[[ Given entries open ]]

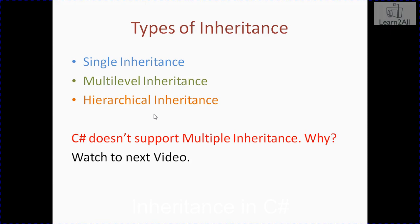But why is it not supporting? We will discuss it in our next video. Now, we will learn all of this type of inheritance with the help of examples.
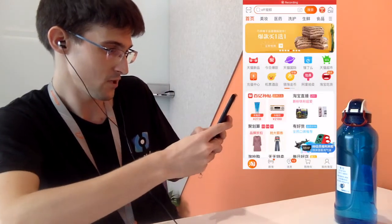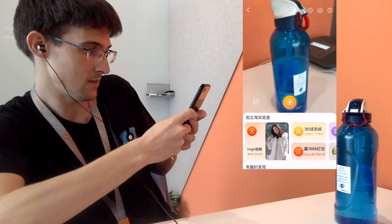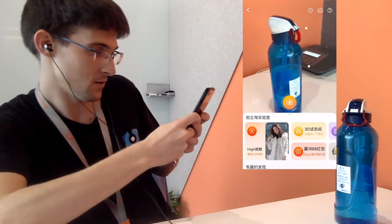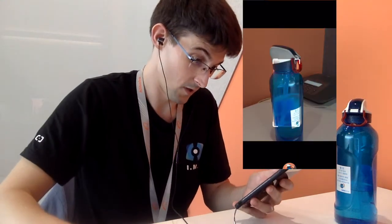I click on the little picture icon, then I take a picture of the bottle, and sure enough, I find nearly identical bottles right away. How cool is that?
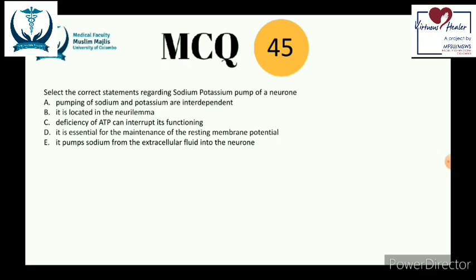Without ATP, the sodium-potassium ATPase cannot function. It is essential for maintenance of resting membrane potential — by losing one positive charge carrier each cycle, it creates an overall negative charge across the cell membrane. It also restores resting membrane potential during the repolarization phase after an action potential. Answer E is wrong — the pump moves sodium out of the neuron, not into it.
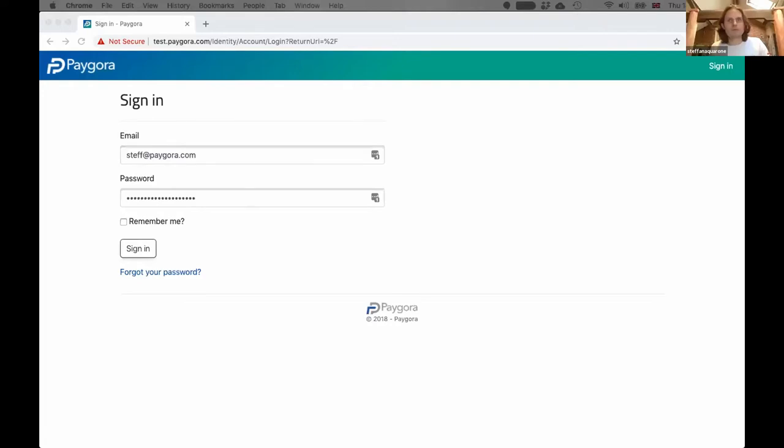I'm going to screen share now. I don't have a presentation but I do have an app to show you. Here we go, hopefully that will work.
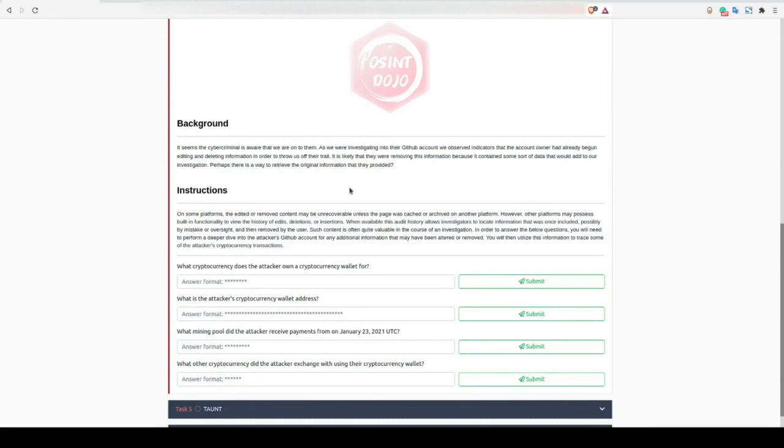Task 4 starts off by telling us that the attacker is aware that we're starting to investigate them, and as a result, they've begun scrubbing some of their social media footprint. We were asked to look into their deleted content for further clues.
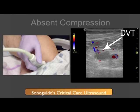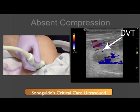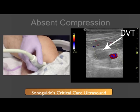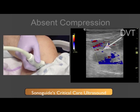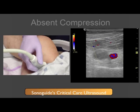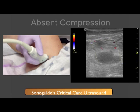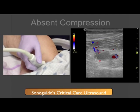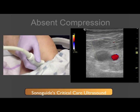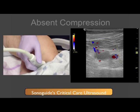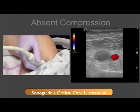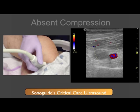When a DVT is present, you will note that the vein does not compress as easily. In this image, note on the right side of the screen the vessel is resistant to compression compared with how much pressure I am applying externally, as noted by the left side of the screen. In fact, you will note that the artery begins to compress, whereas the vein does not. Please note that this image shows color Doppler, which demonstrates pulsatile flow in the common femoral artery.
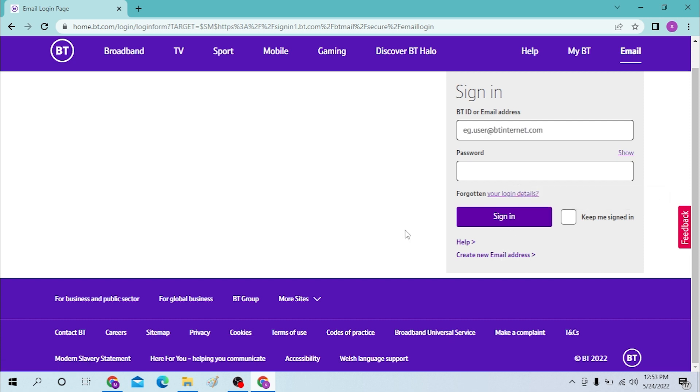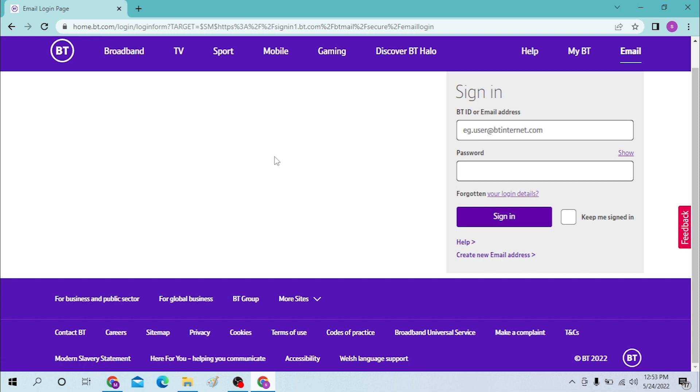If you have not created a BT mail up to now, then you need to click over here on create new email address and you will be taken to a certain procedure to sign up for the BT mail. That's how you log into your BT mail.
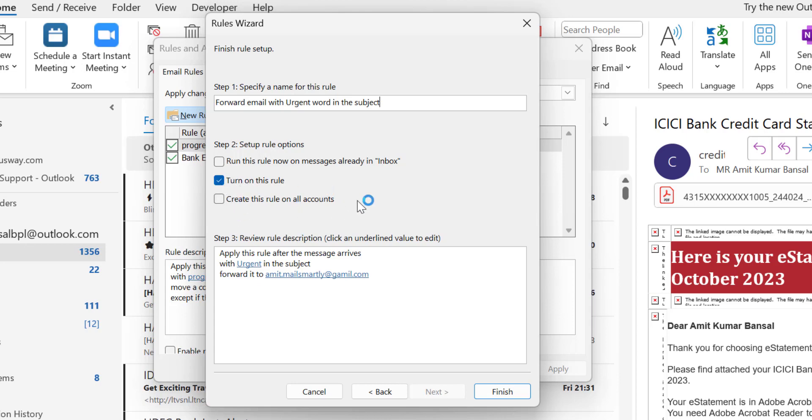No, again I don't want to create the rule for the rest of my email addresses. I just want to create a rule for this specific email address only. Review rule description. Click on underlined value to edit.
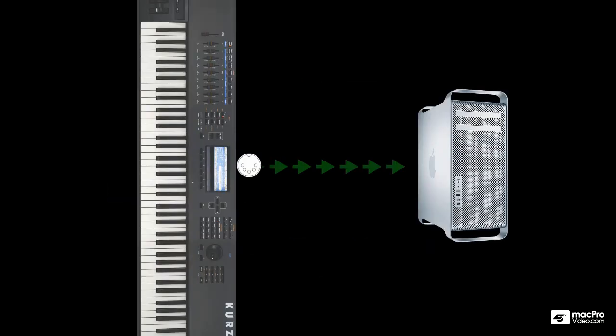What instructional video course about signal flow in Logic would be complete without at least some mention of MIDI signal flow? Even though MIDI messages have nothing to do with audio, they only trigger sound generation or create sound modifications within a MIDI instrument plugin.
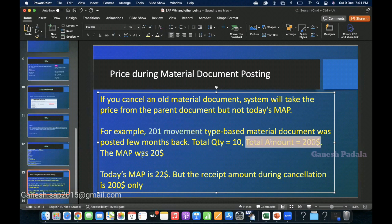The quantity was 10, which was reduced, and the total amount was $200. At that time, the moving average price (MAP) was $20. Now the business wants to reverse that movement and they are expecting that the price must be the same price which was available during goods issue.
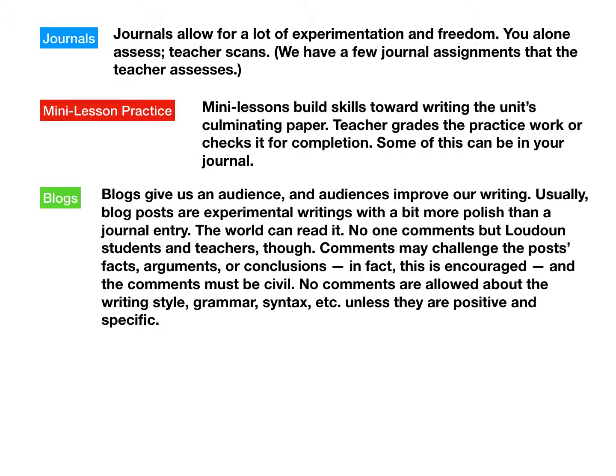Blogs give us an audience, and the audience improves our writing. Blog posts are usually experimental writings with a bit more polish than a journal entry, since the world can read it — though only Loudoun students and teachers comment. Comments may challenge the post's facts, arguments, or conclusions, and commenters are encouraged to do that. Comments must be civil. No comments are allowed about writing style, grammar, or syntax unless they are positive and specific.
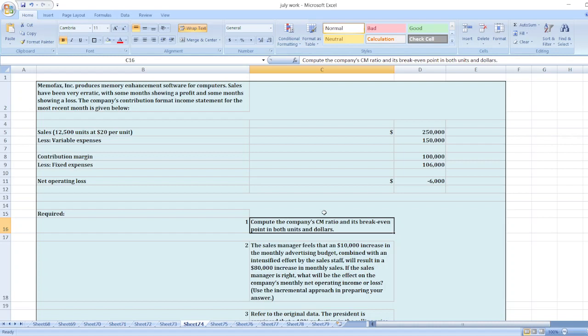Here we had to compute the company's CM ratio, means contribution margin ratio, and its break-even point in both units and dollars.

[[ Given entries closed ]]

▸ **Task directions**
Start with the line with "I click on the" in the listing above and stop after the line with "If you have". Write out exactly the lines in that stretch and no others, without pictures.

▸ **Solution below**
I click on the little picture icon, then I take a picture of the bottle, and sure enough, I find nearly identical bottles right away. How cool is that?
Without ATP, the sodium-potassium ATPase cannot function. It is essential for maintenance of resting membrane potential — by losing one positive charge carrier each cycle, it creates an overall negative charge across the cell membrane. It also restores resting membrane potential during the repolarization phase after an action potential. Answer E is wrong — the pump moves sodium out of the neuron, not into it.
I'm going to screen share now. I don't have a presentation but I do have an app to show you. Here we go, hopefully that will work.
Task 4 starts off by telling us that the attacker is aware that we're starting to investigate them, and as a result, they've begun scrubbing some of their social media footprint. We were asked to look into their deleted content for further clues.
When a DVT is present, you will note that the vein does not compress as easily. In this image, note on the right side of the screen the vessel is resistant to compression compared with how much pressure I am applying externally, as noted by the left side of the screen. In fact, you will note that the artery begins to compress, whereas the vein does not. Please note that this image shows color Doppler, which demonstrates pulsatile flow in the common femoral artery.
If you have not created a BT mail up to now, then you need to click over here on create new email address and you will be taken to a certain procedure to sign up for the BT mail. That's how you log into your BT mail.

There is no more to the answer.